Instead, lets opt for a different approach: generate the BuildData
instead of serializing the buildsByBranchName map to the build.xml for
every single build.

Do this by implementing a simpler BuildDetails structure, which contains
most of the same information, but does not contain the
buildsByBranchName map.

Stop storing the BuildData object into the build Actions. Instead,
search for BuildDetails and regenerate the BuildData structure from
this. As a fallback, allow finding old BuildData actions and using
those, if they still exist.

Jenkins Administrators may which to purge this data from their build.xml
files if they do not need the historical data, but for now, keep the
plugin as backwards compatible as possible.

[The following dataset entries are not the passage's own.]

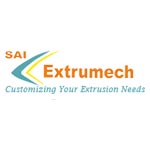 Sai Extrumech Pvt. Ltd.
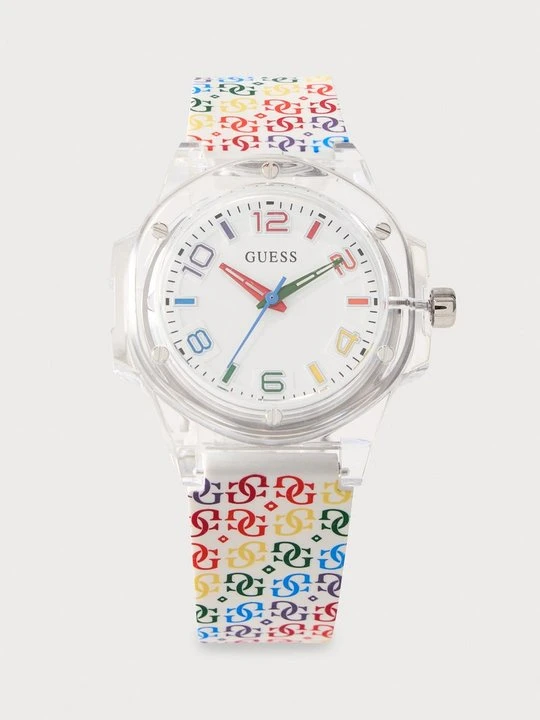 Zdjęcie produktu Zegarek Guess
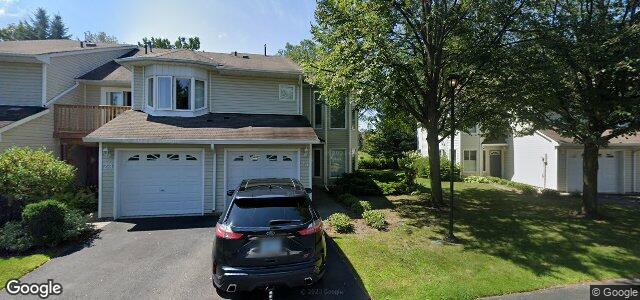 23 Barker Boulevard（加拿大曼尼托巴省溫尼伯市）房屋照片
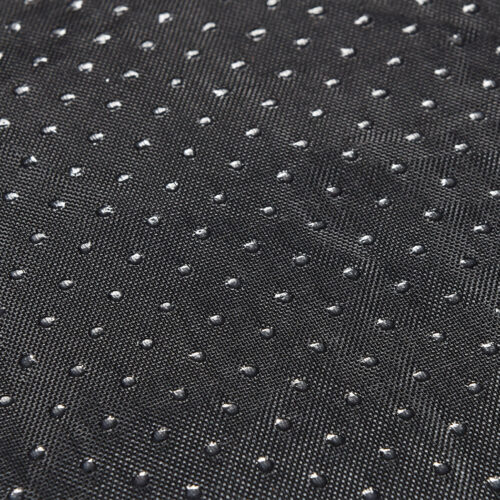 PaWz Pet Protector Sofa Cover Dog Cat M Medium - Image 5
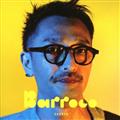 BARROCO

With this change, we now only store a single Build object per build
instead of storing the entire branch map, which should significantly
reduce build.xml bloat.

If the time cost of rebuilding the BuildData structure is too high,
(such as when there are a large number of historical builds), we could
add some sort of limit on the number of past builds to check. However,
this would require some thought, as it would not produce exact replicas
of the current BuildData objects.

See JENKINS-19022 and JENKINS-47789 for more details on the issues
the BuildData objects can cause.

Signed-off-by: Jacob Keller jacob.e.keller@intel.com

TODO:

  • Determine impact with a large number of jobs
  • Ensure we have enough test cases to cover things
  • Determine proper documentation required?
  • Maybe think about providing a method of removing the old data? Or maybe we automate it within the plugin??
  • Maybe think about adding some limiter for the jobs to dig backwards? i.e. only dig back a few hundred jobs maximum?

Checklist

  • I have read the CONTRIBUTING doc
  • I have referenced the Jira issue related to my changes in one or more commit messages
  • I have added tests that verify my changes
  • Unit tests pass locally with my changes
    (I'm seeing some weird timeout issues when I run the tests... It may be because I'm behind a proxy?)
  • I have added documentation as necessary
    (We definitely want to document this as a change since others may be reading the build data)
  • No Javadoc warnings were introduced with my changes
  • No findbugs warnings were introduced with my changes
  • I have interactively tested my changes
    (Not yet, it's on my list of TODO)
  • Any dependent changes have been merged and published in upstream modules (like git-client-plugin)

Types of changes

What types of changes does your code introduce? Put an x in the boxes that apply

  • Bug fix (breaking change which fixes an issue)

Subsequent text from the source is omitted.